Eine gänzlich andere künstlerische Form wählte Hoetger über zwei Jahrzehnte später für eine Darstellung Sent M’Ahesas, eine aus dem Baltikum stammende Tänzerin, die in aufwendigen Kostümen altägyptische Tänze auf die Bühne brachte. Zeitgenossen beschrieben ihre Tänze als »Szenenpantomime«, bei welcher der Körper zu einem »strömende Bilde« werde. An Sent M’Ahesa mag Bernhard Hoetger die Schöpfung eines völlig neuen Stils durch den Rückgriff auf Archaisches fasziniert haben. Für die Plastiken Sent M’Ahesa und Sent M’Ahesa in Ganzfigur entwickelte er eine ägyptisierende Formensprache und entschloss sich – wie Sent M’Ahesa in ihren Tänzen – den Ausdruck, den expressiven Moment zu betonen. Beide Werke gelten als Meilensteine expressionistischer Bildhauerei.

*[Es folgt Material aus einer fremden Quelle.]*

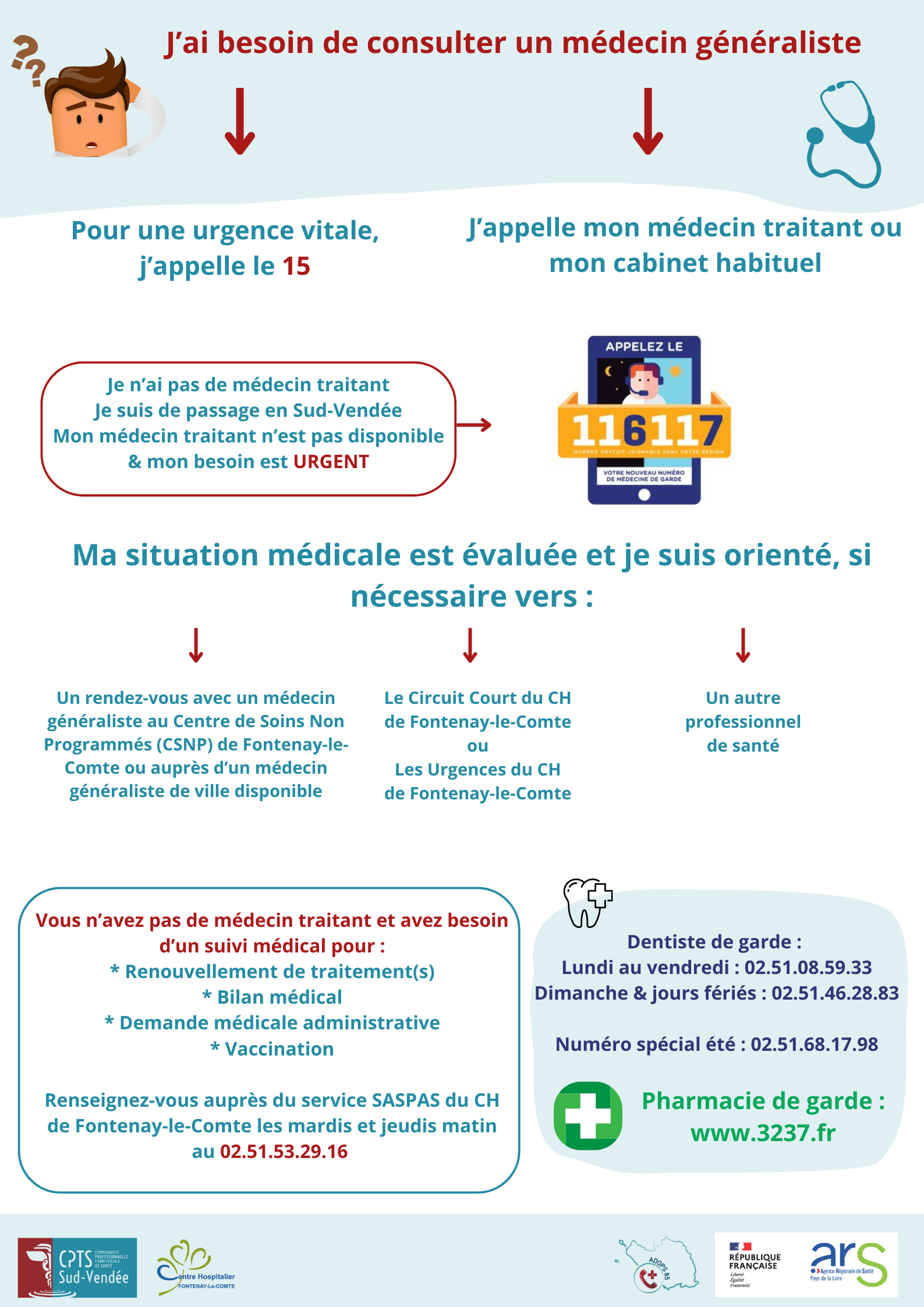J’ai besoin de consulter un médecin généraliste.png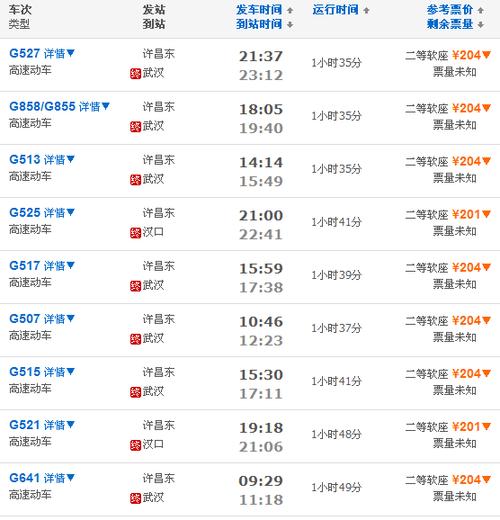 中山到北京高铁多少钱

Bernhard Hoetger und das Paula Modersohn-Becker Museum
Bernhard Hoetger hinterließ als Architekt, Bildhauer, Grafiker, Kunsthandwerker und Maler ein umfangreiches Werk, von dem sich ein Großteil im Paula Modersohn-Becker Museum befindet. Der Bestand reicht von frühen Arbeiten, die noch stark im Zeichen des Impressionismus stehen, über archaische und monumentale Werke, in denen Hoetgers Rückgriffe auf mittelalterliche, asiatische oder ägyptische Vorbilder sichtbar werden, über expressionistische Werke bis hin zu Arbeiten aus den 1930er und 1940er Jahren.
Im Auftrag des Kaffee HAG-Kaufmanns Ludwig Roselius schuf Bernhard Hoetger mit dem Paula Modersohn-Becker Museum außerdem ein außerordentliches Beispiel expressionistischer Architektur und das erste Museum für eine Malerin weltweit.
Die Ausstellung Bewegte Bronze – Tanzplastiken von Bernhard Hoetger führte dem Besucher die Stilvielfalt im Werk des Künstlers vor Augen und setzte den Auftakt für eine permanente Präsentation von Hoetger-Werken im Paula Modersohn-Becker Museum.